オーストラリアには面白いトレーニング法、ありますか?
そんな疑問を、オーストラリア在住の獣医師ルール・久枝さんにぶつけてみました。


人と犬が楽しい暮らしをするためには、人は犬を理解し、犬は人社会のルールを学ぶ必要があると思います。では、実際にはどんなルールをどのように教えていったら良いのか、また、飼い主さんはどのようなことを学んだら良いのか。答えは一つではないと思います。

日本と同じく、オーストラリアでも多くのドッグトレーニング法が実践されており、たくさんのドッグトレーナーさんが、人と犬が楽しい暮らしを送るための手助けをしています。

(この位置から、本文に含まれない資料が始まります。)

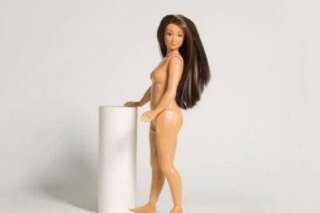 VIDÉO. La Barbie réaliste avec de l'acné et de la cellulite existe avec la poupée Lammily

今回は、オーストラリアで行われている「ピュア・ドッグ・リスナー・トレーニング法」をご紹介します。

誰が考えたの?

ピュアドッグリスナートレーニング法は、イギリスやアメリカ、オーストラリアの経験豊かなドッグトレーナーが集まり、彼らの経験を持ちより生み出されたトレーニング法です。テレビやラジオでパーソナリティを務めているCaroline Spencerが主催者となり、アメリカやイギリス、オーストラリアでこのトレーニング法を紹介しています。
 

どんなトレーニング法なの?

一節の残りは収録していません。